* **WHAT YOU ARE ASKED TO DO**
The copy must match the data word for word and contain no pictures.

* **Collected data entries**
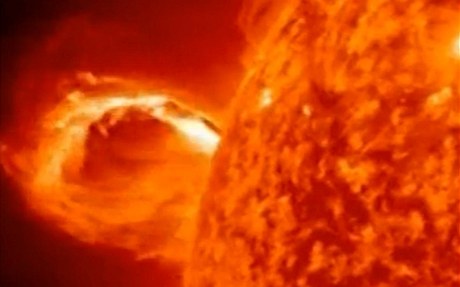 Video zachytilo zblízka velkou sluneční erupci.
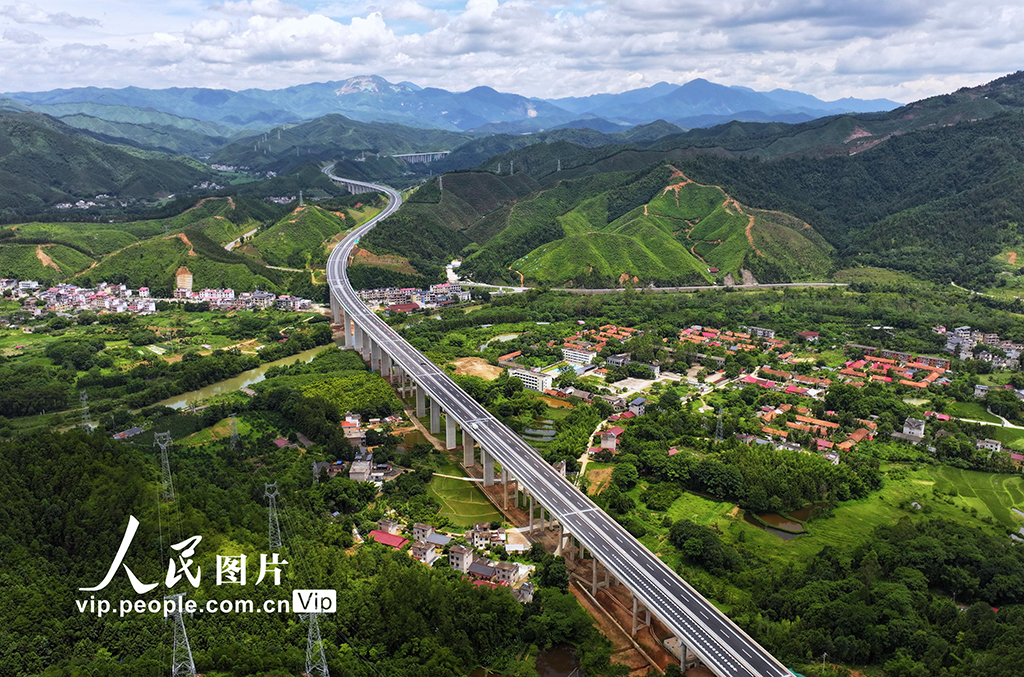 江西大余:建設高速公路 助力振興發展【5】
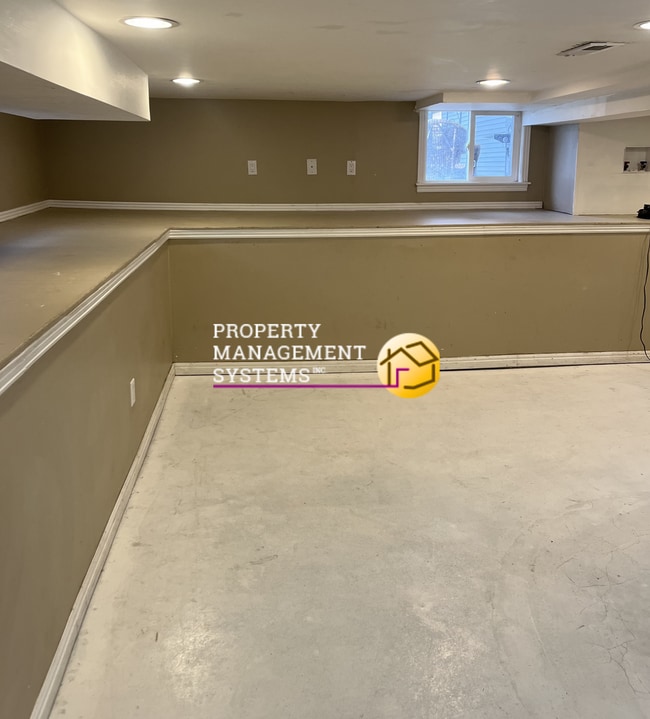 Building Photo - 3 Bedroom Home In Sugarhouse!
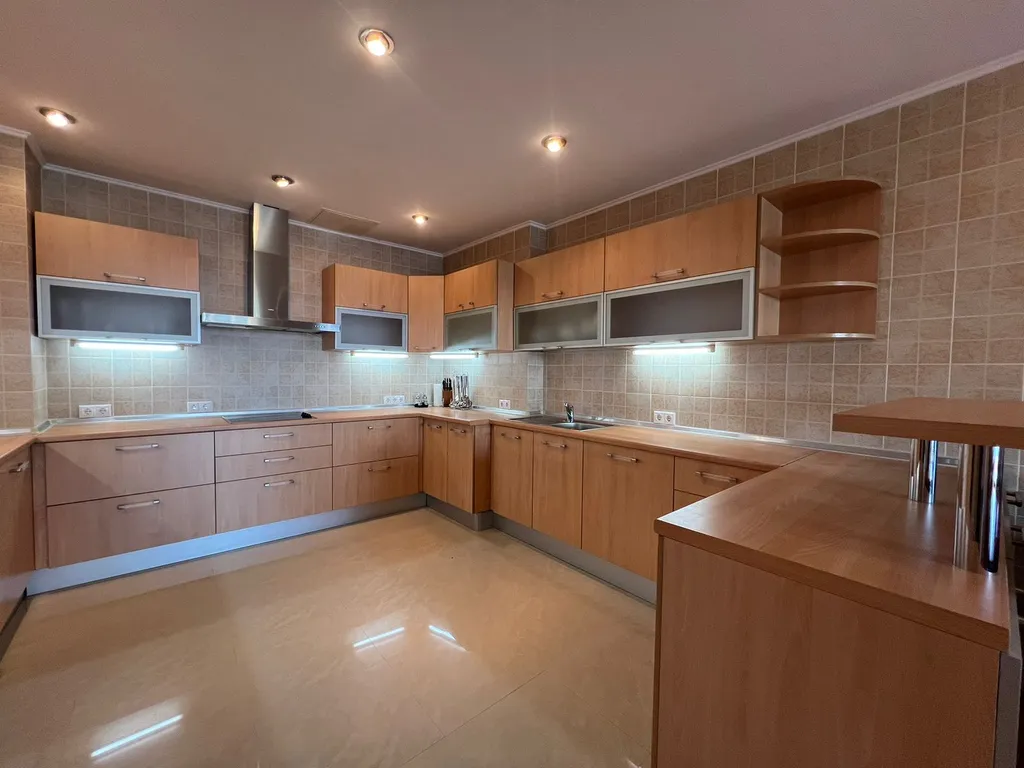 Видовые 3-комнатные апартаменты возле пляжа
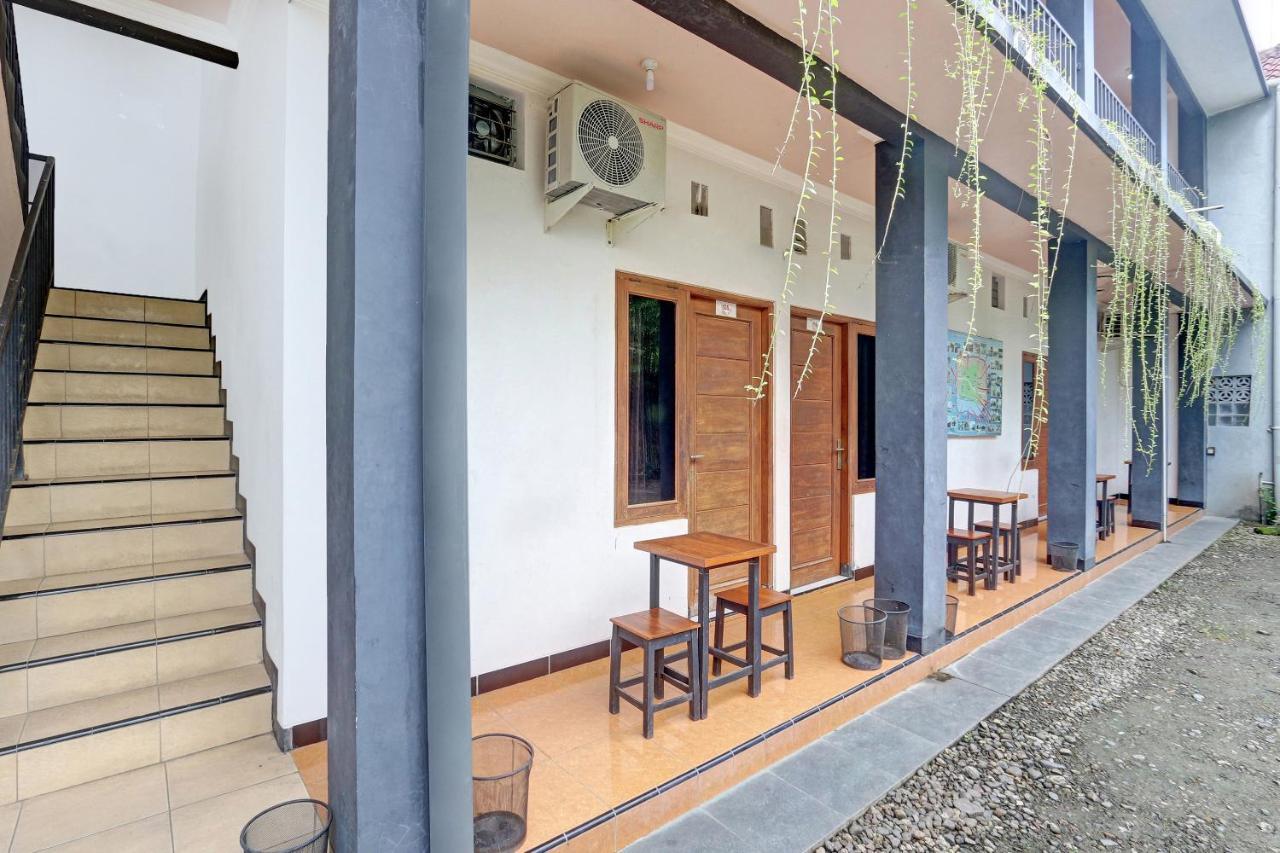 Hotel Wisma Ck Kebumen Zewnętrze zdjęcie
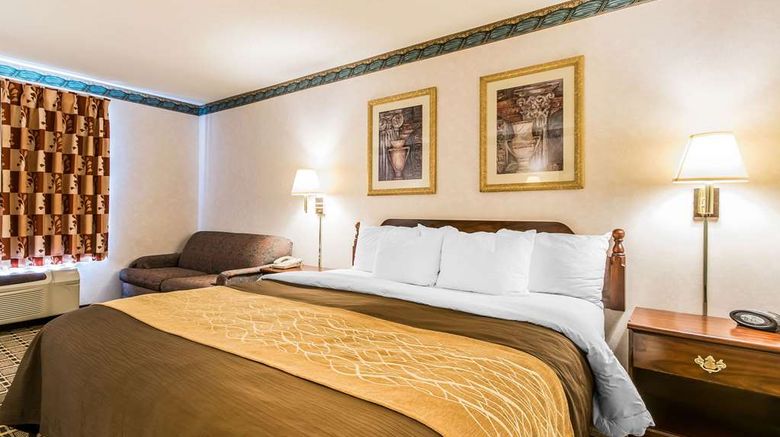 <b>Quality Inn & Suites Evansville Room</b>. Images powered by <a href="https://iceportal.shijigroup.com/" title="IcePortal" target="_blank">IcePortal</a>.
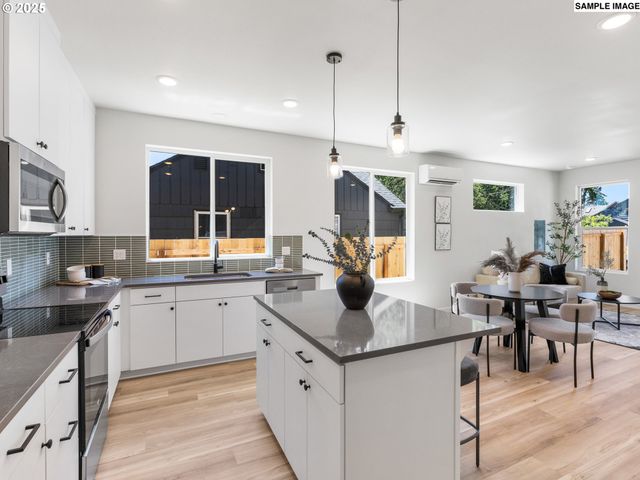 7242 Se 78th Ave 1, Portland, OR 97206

* **TASK SOLUTION**
 Video zachytilo zblízka velkou sluneční erupci.
 江西大余:建設高速公路 助力振興發展【5】
 Building Photo - 3 Bedroom Home In Sugarhouse!
 Видовые 3-комнатные апартаменты возле пляжа
 Hotel Wisma Ck Kebumen Zewnętrze zdjęcie
 <b>Quality Inn & Suites Evansville Room</b>. Images powered by <a href="https://iceportal.shijigroup.com/" title="IcePortal" target="_blank">IcePortal</a>.
 7242 Se 78th Ave 1, Portland, OR 97206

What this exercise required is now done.